Managers have their work cut out for them. According to a recent LinkedIn survey, only half of the employees are currently being provided with a positive experience. This leaves ample room for improvement. There’s no singular cause for dissatisfaction. Usually, there are multiple overlapping factors. Sometimes it’s out of your control, such as a personal issue. Usually, when an employee is having a negative experience in the workplace, the responsibility does lie with the employer.
What Not to Do
It’s important to recognize how not to solve the problem: quick fixes. Negative employee experience cannot be fixed by offering small amenities. Small amenities can have the opposite of the intended effect, as they can make managers seem condescending and out of touch.
What You Should Do
So if it can’t be remedied quickly, what are some steps organizations can take? True success comes from communicating with employees and prospective candidates, you can understand their desires on an intimate level, and respond explicitly to their needs.
Employees today have a strong vision and want their work to serve a greater purpose than simply profit. For this reason, most forward-thinking organizations have introduced some kind of social good program. Creating opportunities for employees to act altruistically can be crucial to creating a positive employee experience.

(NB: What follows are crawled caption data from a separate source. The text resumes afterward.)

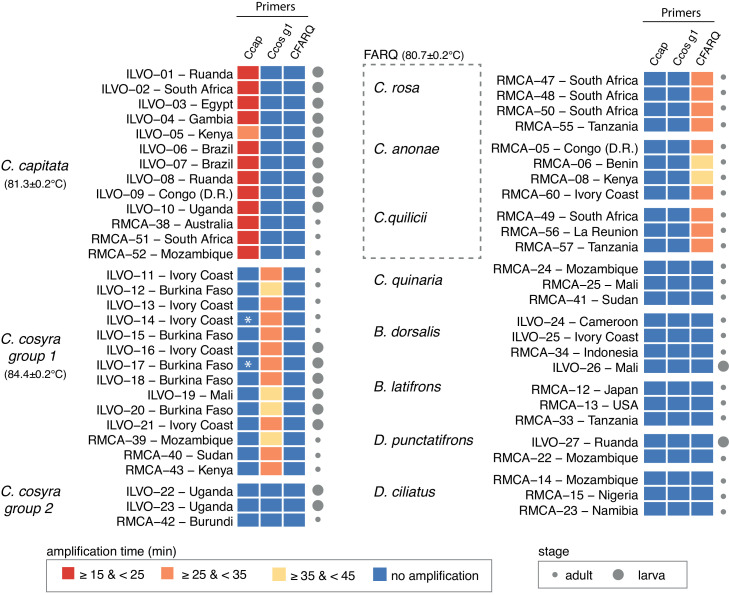 A loop-mediated isothermal amplification (LAMP) assay for rapid identification of Ceratitis capitata and related species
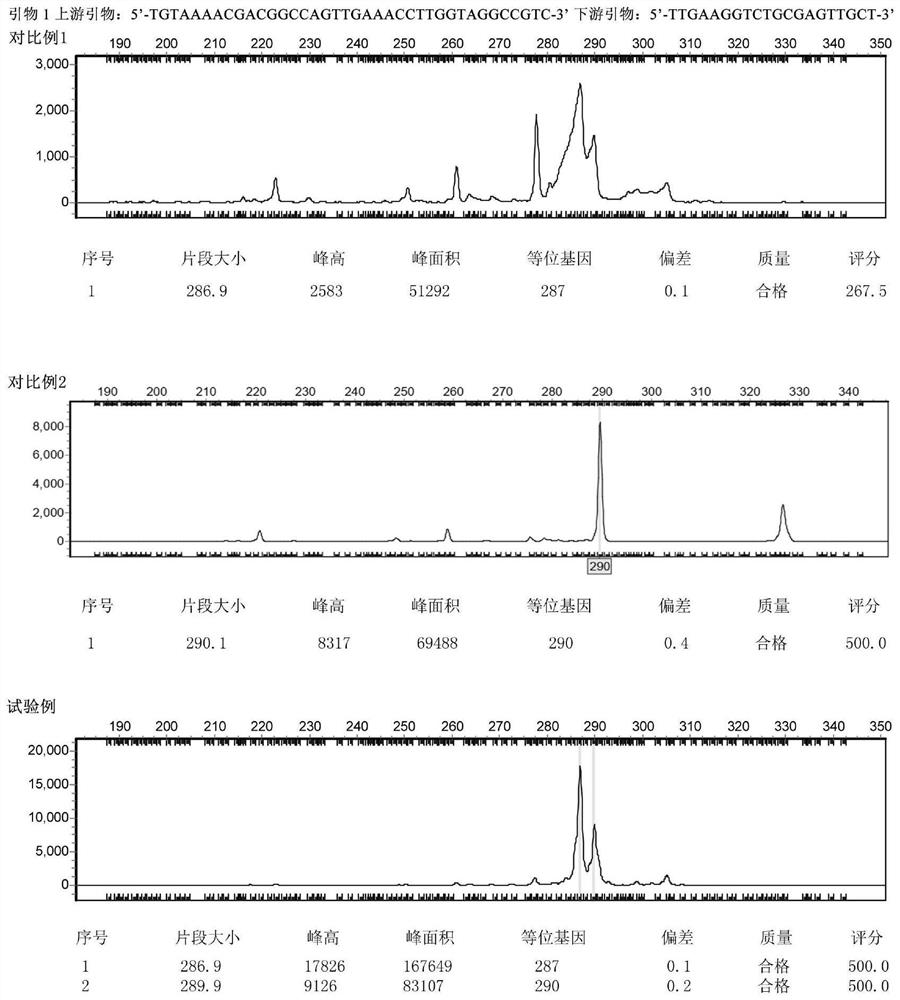 DNA bar code for screening total soluble protein content index of champignon luteo-virens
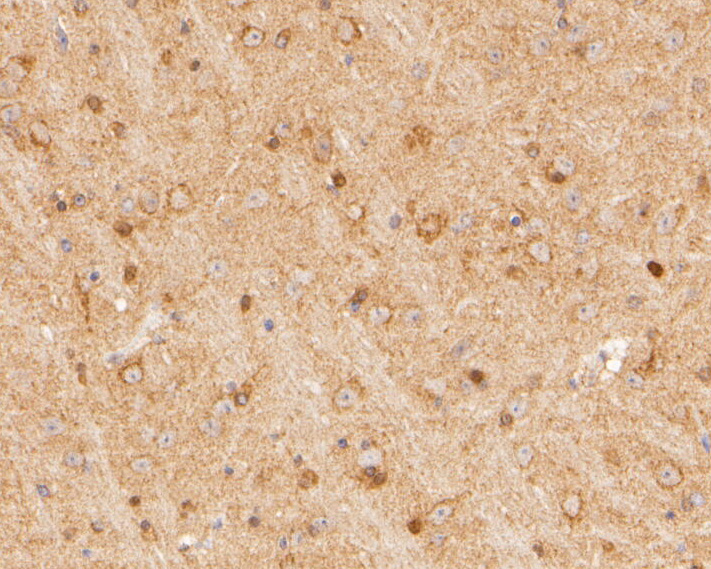 Immunohistochemical analysis of paraffin-embedded mouse brian tissue using anti-SYNDIG1 antibody. The section was pre-treated using heat mediated antigen retrieval with Tris-EDTA buffer (pH 8.0-8.4) for 20 minutes.The tissues were blocked in 5% BSA for 30 minutes at room temperature, washed with ddH2O and PBS, and then probed with the primary antibody (ER2001-43, 1/200) for 30 minutes at room temperature. The detection was performed using an HRP conjugated compact polymer system. DAB was used as the chromogen. Tissues were counterstained with hematoxylin and mounted with DPX.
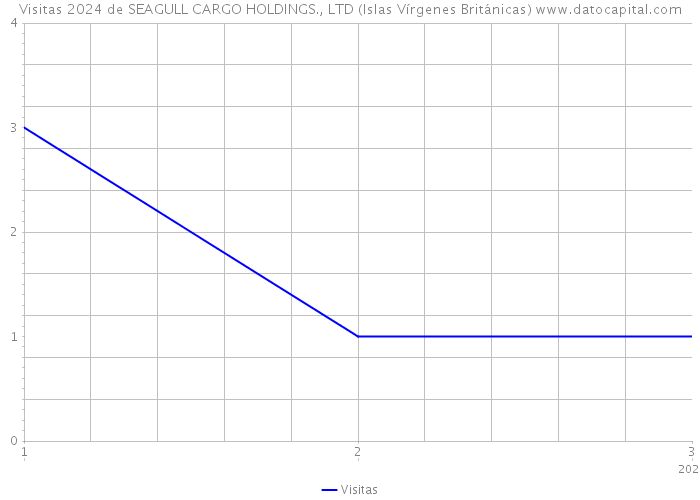 Visitas 2024 de SEAGULL CARGO HOLDINGS., LTD (Islas Vírgenes Británicas) 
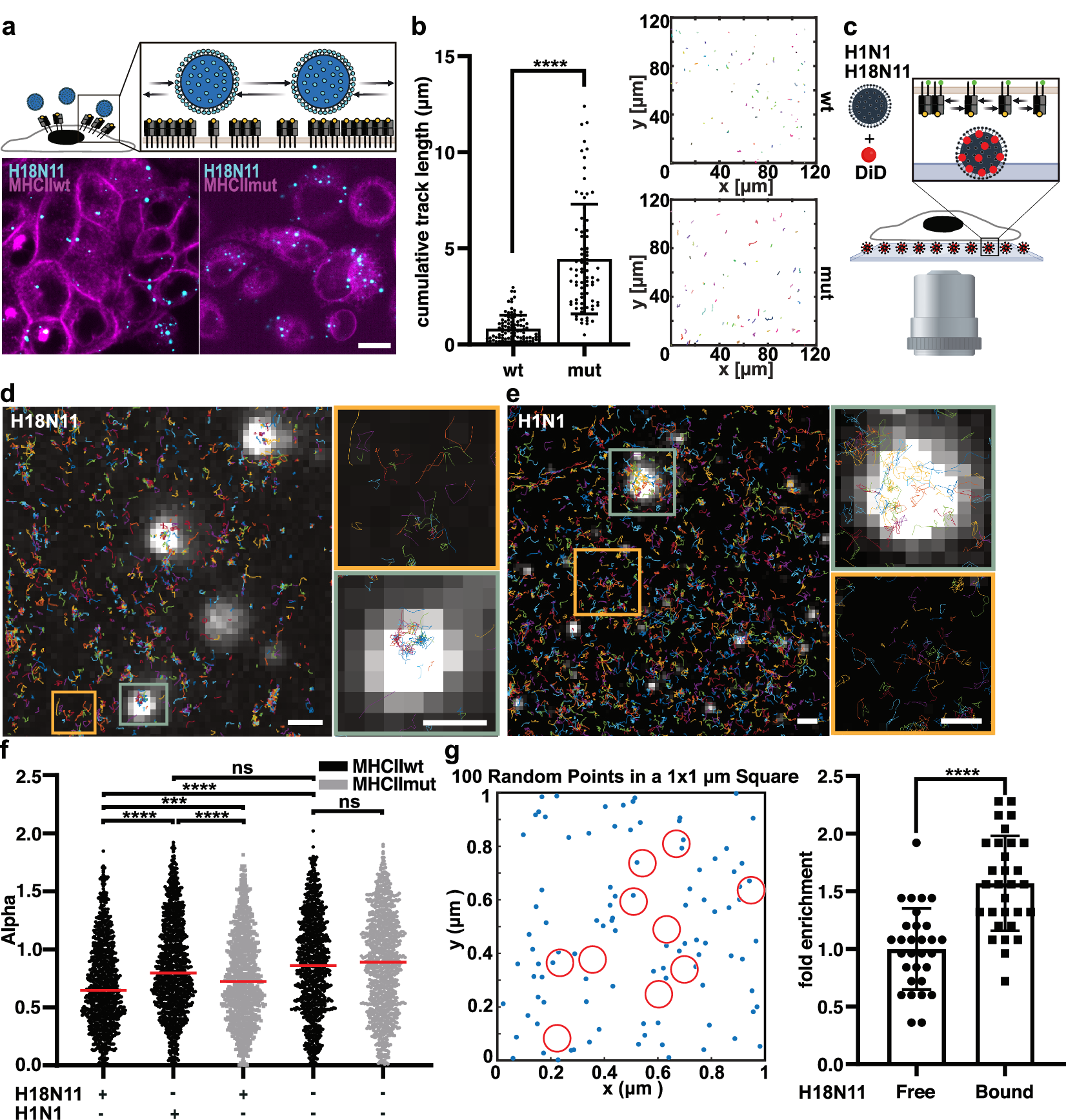 Fig. 4: MHCII is enriched underneath H18N11 viral particle upon attachment.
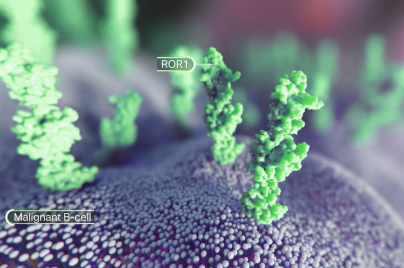 3-D depiction of ROR1 protein on a malignant B-cell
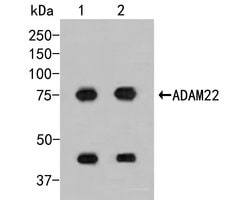 Invitrogen ADAM22 Polyclonal Antibody 100 &mu;L; Unconjugated:Antibodies,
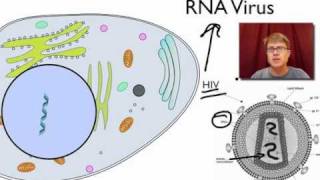 Viral Replication [upl. by Muhcan132]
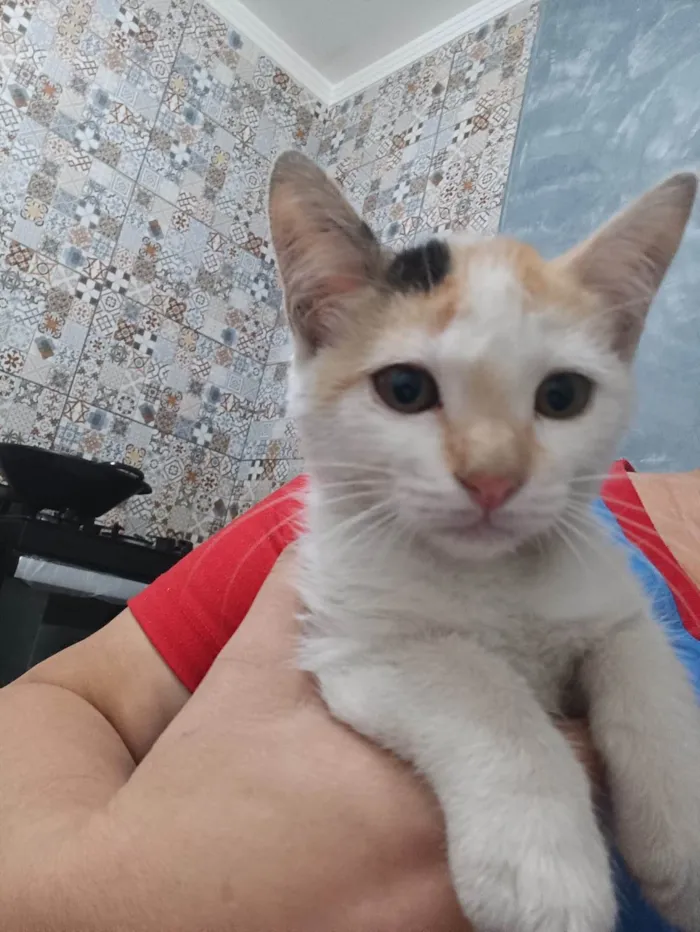 Gato ra a SRD-ViraLata idade 2 a 6 meses nome Marie
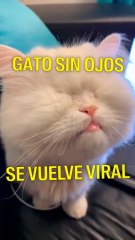 Gato sin ojos se vuelve viral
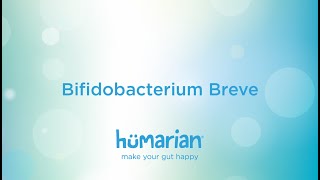 Probiotics Bifidobacterium Breve amp Lactobacillus Rhamnosus Helps Asthma  Inflammation T cell [upl. by Leeda]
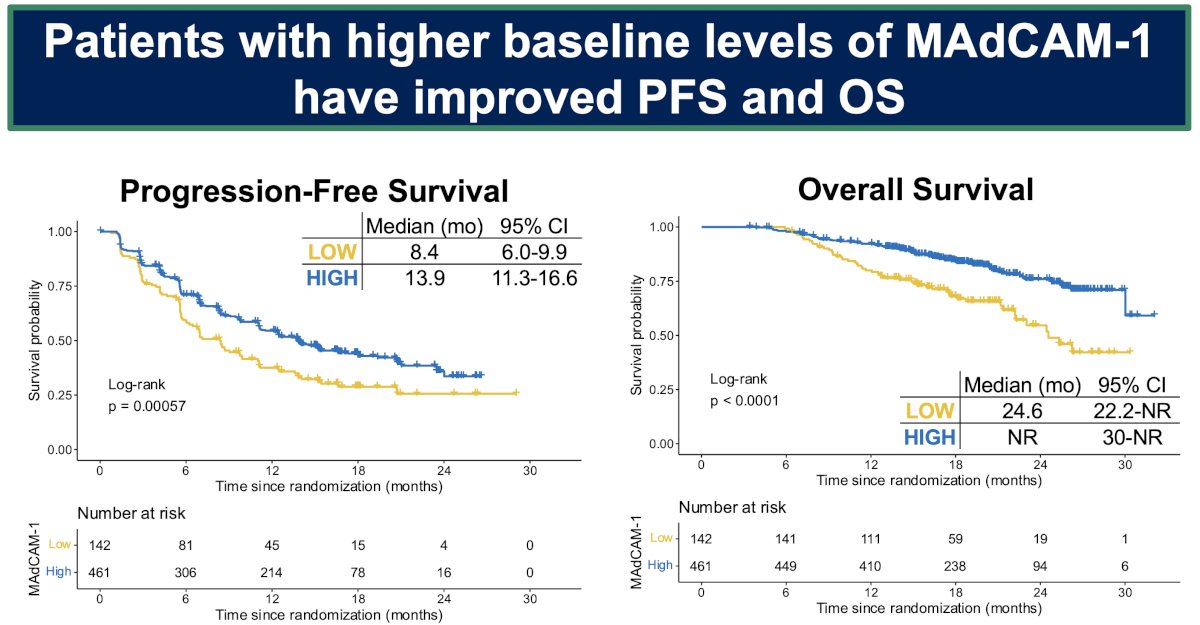 Patients with higher levels of soluble MAdCAM-1 (above 180 ng/mL) had significantly better survival outcomes. Their median progression-free survival was 13.9 months compared to 8.4 months in the low MAdCAM-1 group (p<0.01). A similar pattern was observed for OS – median OS was not yet reached in the high MAdCAM-1 group, versus 24 months in the low group (p<0.01).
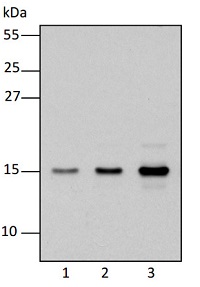 RpoTm | DNA-directed mitochondrial RNA polymerase (RpoT1; mitochondrial NEP) in the group Antibodies Plant/Algal / DNA/RNA/Cell Cycle / Transcription regulation at Agrisera AB (Antibodies for research) (AS15 3078)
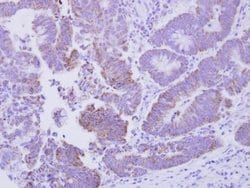 Invitrogen CISD2 Polyclonal Antibody 100 &mu;L; Unconjugated:Antibodies,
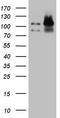 LIM Domain And Actin Binding 1 antibody, LS-C794440, Lifespan Biosciences, Western Blot image 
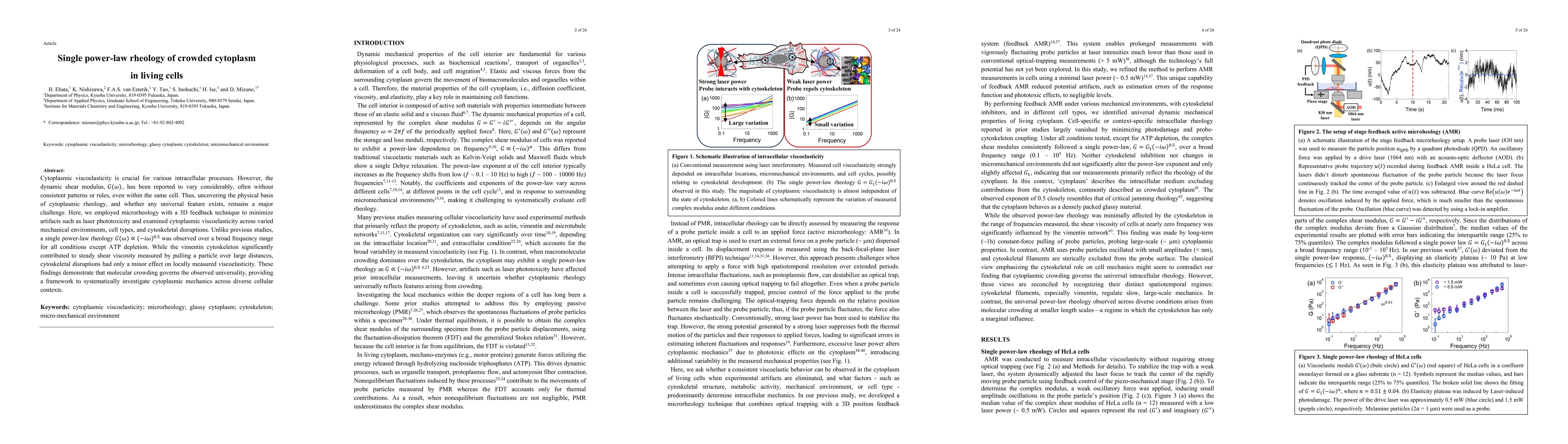 Thumbnail for Single power-law rheology of crowded cytoplasm in living cells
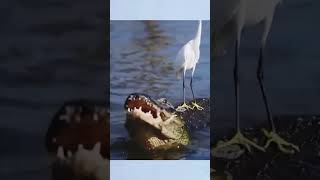 Crocodile And Crane shortvideo viralshorts shorts [upl. by Mooney]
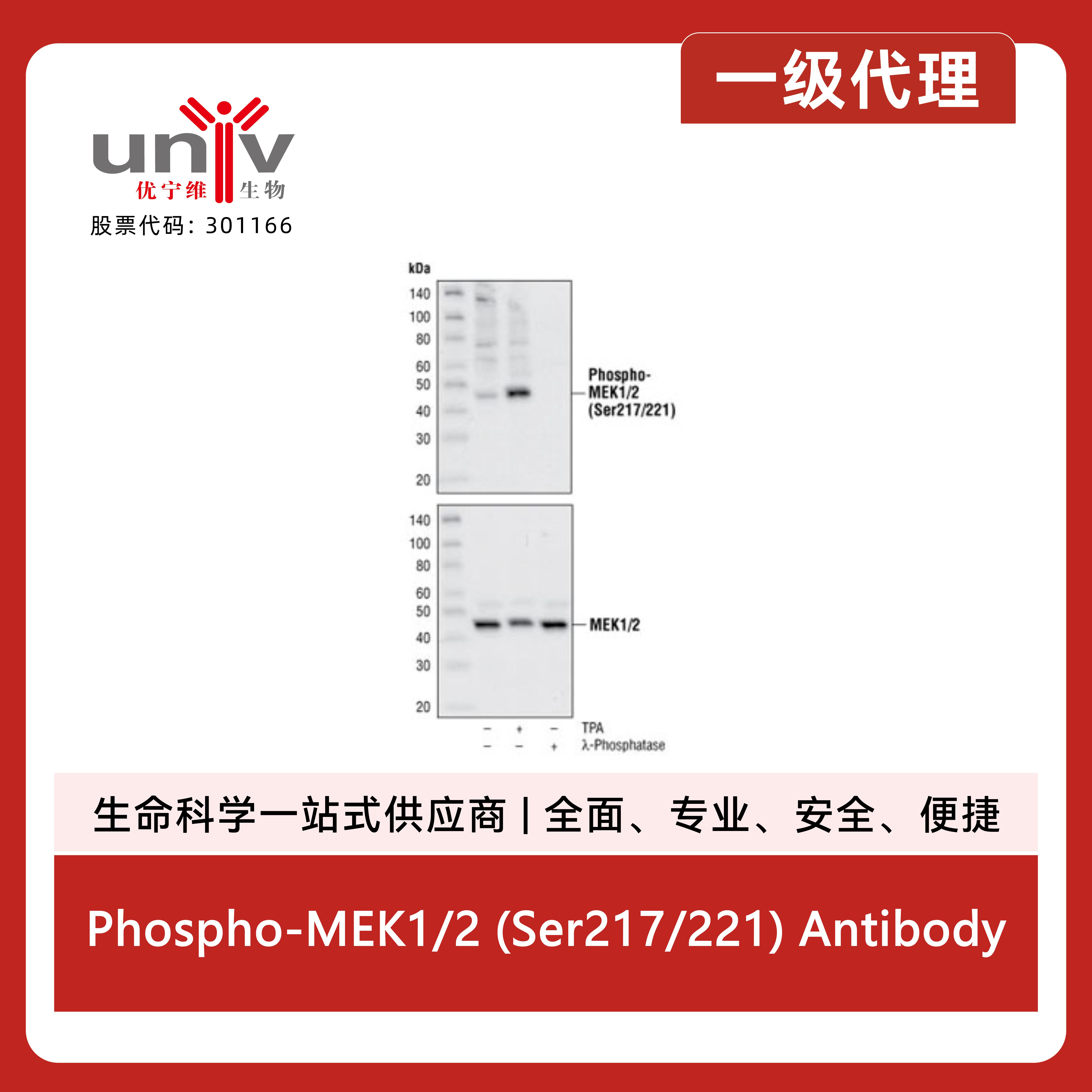 Phospho-MEK1/2 (Ser217/221) Antibody产品图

Many employee grievances are explicitly related to lackluster compensation and benefits. If you’re wondering why employees are reporting negative experiences, you should look at wages first. If employees feel or know, based on the industry, they are underpaid, that's not a positive experience. Employees can also become disgruntled if they feel they aren’t being paid their worth. Some companies are adopting pay transparency policies to ease these tensions.
Instead of spending time filling out forms, employees want to feel like they’re learning, and meeting their personal goals. Many organizations have found success by developing a learning culture, in which employees are encouraged to develop new skills, even if they may not directly impact all projects. The point of a learning culture is to be open-ended, so employees feel as though their independent goals can be accommodated by your organization, even if their ROI is not immediately obvious. A learning culture can and should be part of an effort to reform company culture to foster positive employee experience.
Putting it all together
You truly can’t put a price tag on positive employee experience. By taking tangible steps to ensure the well-being of each employee, you will be able to grow talent within your organization, boost productivity, and cultivate loyalty. Your employees will become your most coveted brand representatives, and they will bring more to the table than you ask of them. But none of this comes from offering perks and small amenities. Real, tangible benefits, and on-the-job opportunities for learning and social good, are by far the best way to create a positive employee experience that yields real rewards.